[RAW DATA Boundary: Start]

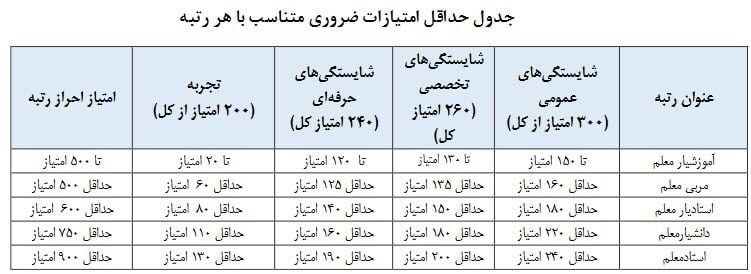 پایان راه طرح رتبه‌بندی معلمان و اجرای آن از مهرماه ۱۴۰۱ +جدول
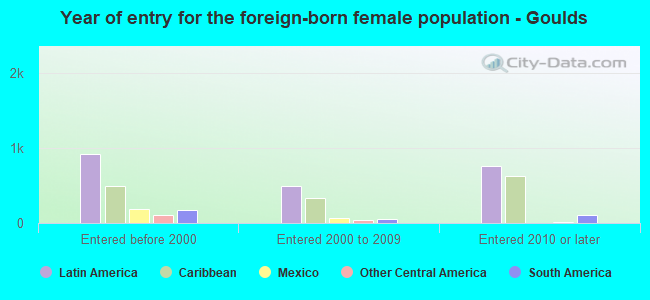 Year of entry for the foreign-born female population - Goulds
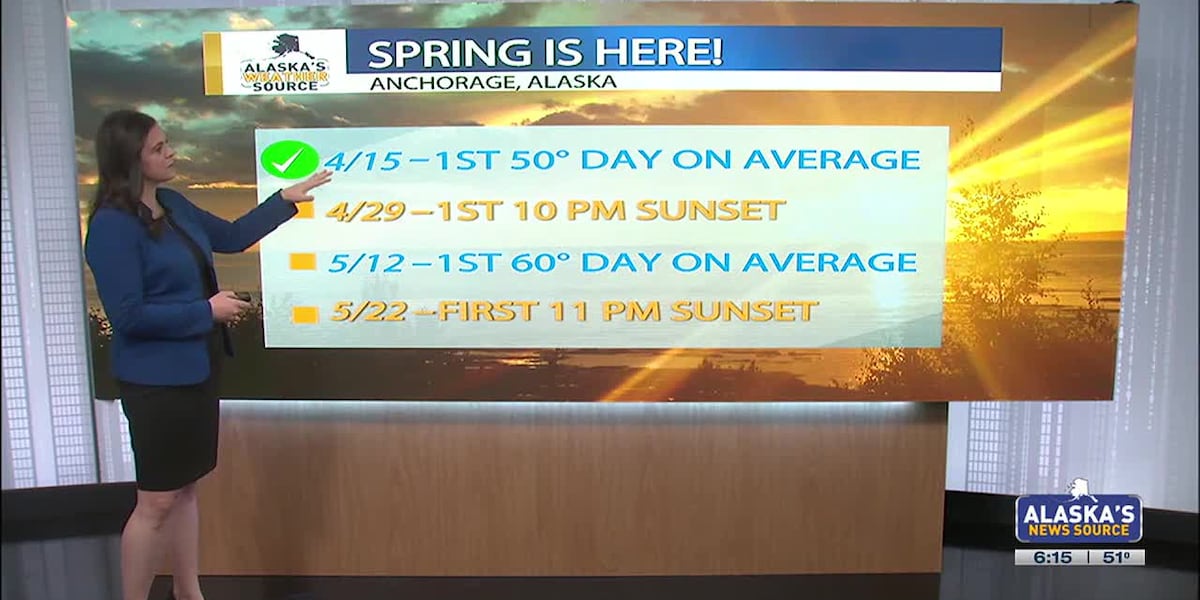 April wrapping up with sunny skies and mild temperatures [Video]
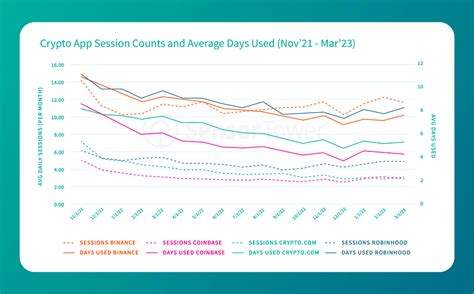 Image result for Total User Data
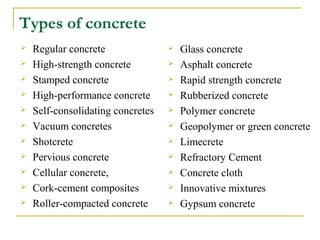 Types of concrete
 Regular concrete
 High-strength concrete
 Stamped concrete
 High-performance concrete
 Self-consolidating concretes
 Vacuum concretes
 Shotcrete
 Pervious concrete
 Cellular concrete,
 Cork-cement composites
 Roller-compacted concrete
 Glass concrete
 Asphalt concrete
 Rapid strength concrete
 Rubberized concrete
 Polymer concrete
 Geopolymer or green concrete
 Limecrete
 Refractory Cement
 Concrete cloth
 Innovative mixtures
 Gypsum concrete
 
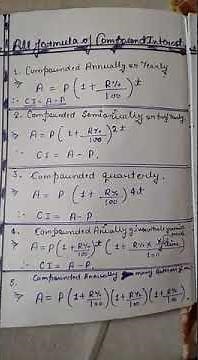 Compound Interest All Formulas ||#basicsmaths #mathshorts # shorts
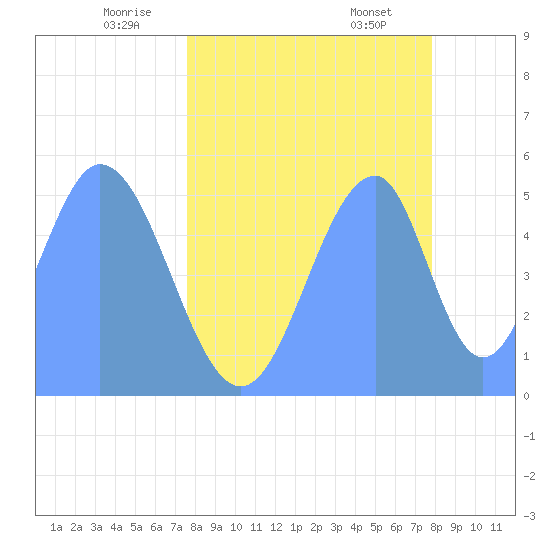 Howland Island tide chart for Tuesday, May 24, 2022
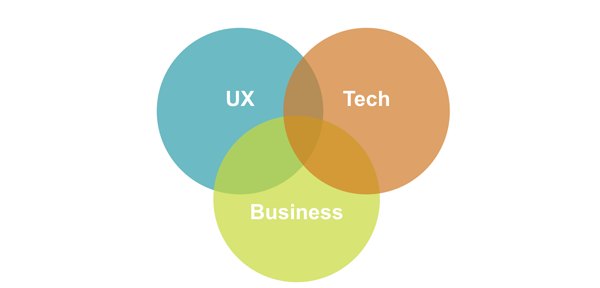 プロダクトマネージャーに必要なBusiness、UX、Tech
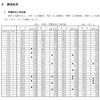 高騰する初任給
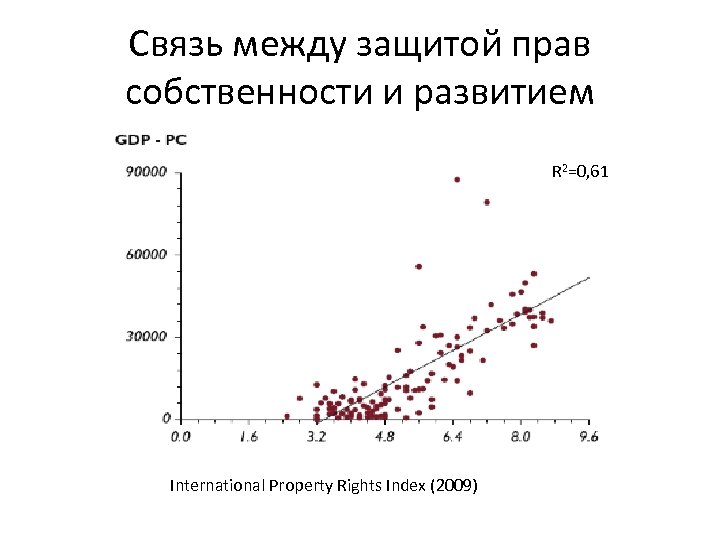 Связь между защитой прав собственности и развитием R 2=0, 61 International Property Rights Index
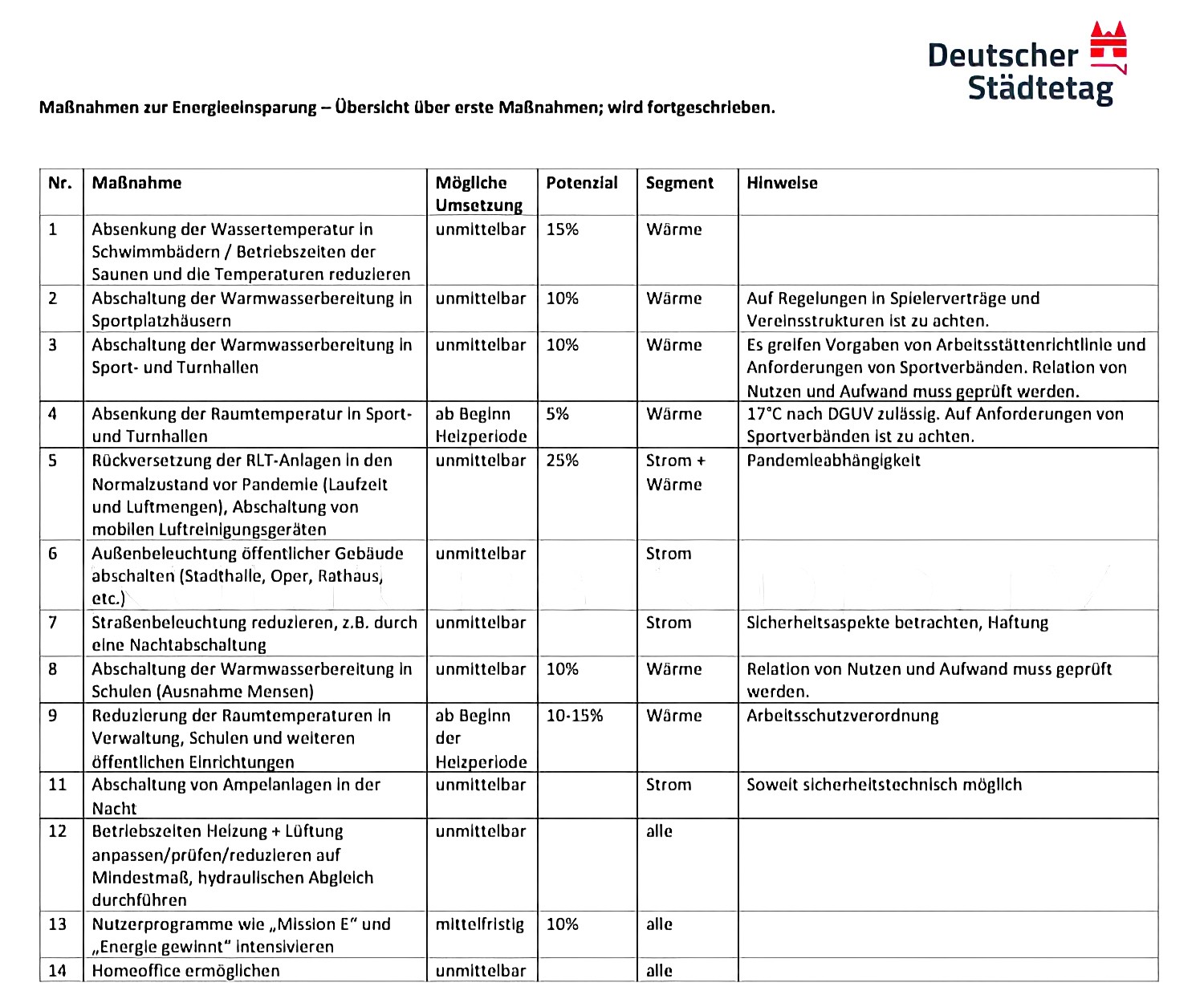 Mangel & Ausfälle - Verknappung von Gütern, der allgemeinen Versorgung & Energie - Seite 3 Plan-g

[RAW DATA Boundary: End]

**WHAT TO DO**
Give back the entries above exactly as they stand. Leave the images out.

**OUTPUT BELOW**
 پایان راه طرح رتبه‌بندی معلمان و اجرای آن از مهرماه ۱۴۰۱ +جدول
 Year of entry for the foreign-born female population - Goulds
 April wrapping up with sunny skies and mild temperatures [Video]
 Image result for Total User Data
 Types of concrete
 Regular concrete
 High-strength concrete
 Stamped concrete
 High-performance concrete
 Self-consolidating concretes
 Vacuum concretes
 Shotcrete
 Pervious concrete
 Cellular concrete,
 Cork-cement composites
 Roller-compacted concrete
 Glass concrete
 Asphalt concrete
 Rapid strength concrete
 Rubberized concrete
 Polymer concrete
 Geopolymer or green concrete
 Limecrete
 Refractory Cement
 Concrete cloth
 Innovative mixtures
 Gypsum concrete
 
 Compound Interest All Formulas ||#basicsmaths #mathshorts # shorts
 Howland Island tide chart for Tuesday, May 24, 2022
 プロダクトマネージャーに必要なBusiness、UX、Tech
 高騰する初任給
 Связь между защитой прав собственности и развитием R 2=0, 61 International Property Rights Index
 Mangel & Ausfälle - Verknappung von Gütern, der allgemeinen Versorgung & Energie - Seite 3 Plan-g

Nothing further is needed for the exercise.